August 14, 2021

R v Dudley and Stephens, 1884

R v Dudley and Stephens (1884) is a landmark English criminal case that established the principle that necessity is not a defence to a murder accusation across the common law globe. It was about surviving cannibalism after a shipwreck, and how it was said to be justified by a maritime tradition. It was the culmination of a long history of legal attempts to outlaw the practice (cases of which were little-publicized until after the perpetrators’ deaths), and it became a legal cause célèbre in late 19th century Britain, particularly among mariners, in the face of a bank of public opinion sympathetic to famished castaways.

Along with two other guys, Dudley and Stephens were shipwrecked. When one of them, cabin boy Richard Parker, became unconscious, Dudley and Stephens decided to murder him for food.

Following a storm, the two defendants and youth aged seventeen to eighteen were thrown adrift in an open boat at sea.
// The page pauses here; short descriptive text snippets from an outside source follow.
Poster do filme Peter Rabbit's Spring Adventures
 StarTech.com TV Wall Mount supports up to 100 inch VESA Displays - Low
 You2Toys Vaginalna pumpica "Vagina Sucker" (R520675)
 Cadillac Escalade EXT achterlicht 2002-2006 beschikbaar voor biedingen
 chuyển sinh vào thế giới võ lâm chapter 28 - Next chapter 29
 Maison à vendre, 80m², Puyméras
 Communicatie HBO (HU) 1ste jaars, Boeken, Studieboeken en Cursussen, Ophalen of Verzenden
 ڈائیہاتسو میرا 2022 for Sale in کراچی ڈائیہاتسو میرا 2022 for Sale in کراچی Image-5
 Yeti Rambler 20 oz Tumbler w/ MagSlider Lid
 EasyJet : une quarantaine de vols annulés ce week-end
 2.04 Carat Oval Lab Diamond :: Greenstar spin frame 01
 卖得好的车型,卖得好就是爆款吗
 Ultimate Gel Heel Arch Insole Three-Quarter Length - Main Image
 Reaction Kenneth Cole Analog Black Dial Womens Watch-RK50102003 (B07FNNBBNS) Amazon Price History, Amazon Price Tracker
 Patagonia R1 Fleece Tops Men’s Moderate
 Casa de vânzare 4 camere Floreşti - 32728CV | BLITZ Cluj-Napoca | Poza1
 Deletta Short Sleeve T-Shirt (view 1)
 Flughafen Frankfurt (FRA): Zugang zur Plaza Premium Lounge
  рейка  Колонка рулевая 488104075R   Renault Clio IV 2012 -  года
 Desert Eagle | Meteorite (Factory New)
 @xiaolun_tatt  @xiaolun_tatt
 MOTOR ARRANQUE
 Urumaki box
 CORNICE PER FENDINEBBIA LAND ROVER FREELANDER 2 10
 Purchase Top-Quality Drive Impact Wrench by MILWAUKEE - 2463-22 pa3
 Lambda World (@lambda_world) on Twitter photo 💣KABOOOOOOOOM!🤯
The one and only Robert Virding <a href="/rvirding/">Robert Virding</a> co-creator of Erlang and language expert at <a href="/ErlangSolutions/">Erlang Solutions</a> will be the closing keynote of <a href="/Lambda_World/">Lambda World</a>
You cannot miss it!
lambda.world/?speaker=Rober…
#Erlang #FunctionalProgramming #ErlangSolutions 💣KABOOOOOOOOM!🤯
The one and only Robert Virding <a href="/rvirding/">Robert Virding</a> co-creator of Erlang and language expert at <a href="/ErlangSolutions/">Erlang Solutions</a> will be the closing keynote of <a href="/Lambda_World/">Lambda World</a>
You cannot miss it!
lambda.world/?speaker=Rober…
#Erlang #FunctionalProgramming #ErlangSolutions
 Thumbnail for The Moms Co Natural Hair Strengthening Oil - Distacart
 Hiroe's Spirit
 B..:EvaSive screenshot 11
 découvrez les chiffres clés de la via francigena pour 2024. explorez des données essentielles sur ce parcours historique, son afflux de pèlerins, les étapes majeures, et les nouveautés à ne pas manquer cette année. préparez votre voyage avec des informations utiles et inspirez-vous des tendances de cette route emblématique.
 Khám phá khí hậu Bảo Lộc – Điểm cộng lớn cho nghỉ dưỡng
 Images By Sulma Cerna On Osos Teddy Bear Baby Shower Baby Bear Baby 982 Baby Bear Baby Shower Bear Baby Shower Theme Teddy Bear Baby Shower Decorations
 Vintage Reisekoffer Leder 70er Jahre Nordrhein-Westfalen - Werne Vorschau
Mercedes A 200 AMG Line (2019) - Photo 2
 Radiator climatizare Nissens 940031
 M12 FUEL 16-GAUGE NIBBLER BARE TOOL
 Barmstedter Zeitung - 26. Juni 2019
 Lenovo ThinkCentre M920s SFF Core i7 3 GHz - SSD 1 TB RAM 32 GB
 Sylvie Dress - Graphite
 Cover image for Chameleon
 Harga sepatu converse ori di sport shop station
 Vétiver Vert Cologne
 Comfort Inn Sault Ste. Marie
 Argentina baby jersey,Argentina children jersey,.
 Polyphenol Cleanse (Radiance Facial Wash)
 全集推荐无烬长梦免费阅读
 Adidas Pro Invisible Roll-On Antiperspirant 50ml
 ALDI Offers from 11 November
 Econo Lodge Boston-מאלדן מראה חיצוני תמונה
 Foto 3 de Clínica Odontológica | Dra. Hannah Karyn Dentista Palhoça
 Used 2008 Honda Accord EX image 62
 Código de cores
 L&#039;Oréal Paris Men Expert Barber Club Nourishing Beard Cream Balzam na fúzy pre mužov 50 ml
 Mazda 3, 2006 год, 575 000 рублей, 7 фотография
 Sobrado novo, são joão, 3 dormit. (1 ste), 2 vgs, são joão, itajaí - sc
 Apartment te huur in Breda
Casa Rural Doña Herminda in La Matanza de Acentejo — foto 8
The boat was drifting in the ocean, more than a thousand kilometres from the nearest shore. S proposed that after seven days without food and five days without water, lots be drawn, and the loser be executed to supply sustenance for the remaining two. However, D and Slater collaborated to the point where the kid was to be murdered so that they may live. D murdered the child on the twentieth day with S’s consent, and both defendants ate him for the next four days until he was rescued. It was claimed that the defendants thought they would perish unless the child was murdered under the circumstances.

In this case, the question was whether murdering the child was justified for the defendants to live. In other words, if the defendants might argue that the killing was necessary, resulting in a murder defence.

On December 4, the Queen’s Bench Division convened under Lord Chief Justice Lord Coleridge. The prosecution was represented by James, who was joined by Charles and Danckwerts. The Exeter trial report was read out in its full at the start of the hearing, at some length. Collins was able to claim that the special verdict had been changed as a result of this. As much was finally acknowledged, and it was eventually decided that the exceptional verdict should be restored to the jury’s version. The courts dismissed the ensuing effort to dispute the jurisdiction.

Collins argued that the court lacked jurisdiction since the Exeter jury had not delivered a conditioned verdict (an open statement that the jury would find in line with the court’s legal decision). Judges, particularly Grove, were disturbed by this, but it was disregarded as a matter of form – judges alone reverse judgments based on law.

There was no common law authority to support the notion that necessity was a defence to murder, according to James. Because it had not been officially documented in the law reports, the Saint Christopher case was dismissed as a precedent.

Lord Coleridge told Collins to limit his comments to murder so that he might reject the notion of necessity as a partial defence leading to a manslaughter conviction by comparison with the partial defence of provocation. Collins replied by referencing the United States v. Holmes (1842) and going through the different theoretical and ethical grounds for a necessity defence.

The judges withdrew after he finished his submissions. “We are all of the views that the conviction should be confirmed,” Lord Coleridge stated after a few minutes, “but we shall put our arguments in paper and deliver them on Saturday next.” Lord Coleridge committed Dudley and Stephens to Holloway Prison until the court delivered its reasons and sentence on Tuesday, December 9th, after the considerable technical legal debate.

Based on legal precedence, as well as ethics and morals, the panel determined that there was no defence of necessity to a charge of murder.

In general, it is a responsibility to protect one’s life, but it may be the most basic and greatest obligation to sacrifice one’s life. There are many occasions in the war when it is a man’s responsibility to die rather than live. In the event of a shipwreck, the captain’s duty to his crew, the crew to the passengers, and soldiers to women and children, as in the noble case of the Birkenhead; these duties impose on men the moral necessity, not of preservation, but of the sacrifice of their lives for others, from which no country, least of all, it is hoped, England, will ever shrink, as they have in the past.

… It would be a very easy and inexpensive display of commonplace learning to quote passage after passage from Greek and Latin authors, from Horace, Juvenal, Cicero, and Euripides, in which the duty of dying for others has been laid down in glowing and emphatic language as resulting from the principles of heathen ethics; it is enough in a Christian country to remind ourselves of the Great Examp.

Furthermore, if the concept were to be accepted, the justices questioned who was competent to decide who should live and who should die. They went on to say that such a concept might serve as a “legal cover for unrestrained emotion and heinous crime.” They were well aware of the men’s dire situation.

It must not be assumed that by refusing to accept temptation as a justification for crime, one forgets how horrible the temptation was, how terrible the suffering was, and how difficult it is to keep one’s judgement straight and one’s behaviour pure under such circumstances. We are often forced to create standards that we are unable to meet and to establish rules that we are unable to follow. However, a man has no authority to proclaim temptation to be an excuse, even though he may have succumbed to it himself, nor to enable sympathy for the criminal to alter or diminish the legal definition of the crime in any way.

With a request for compassion, Dudley and Stephens were condemned to the statutory death penalty.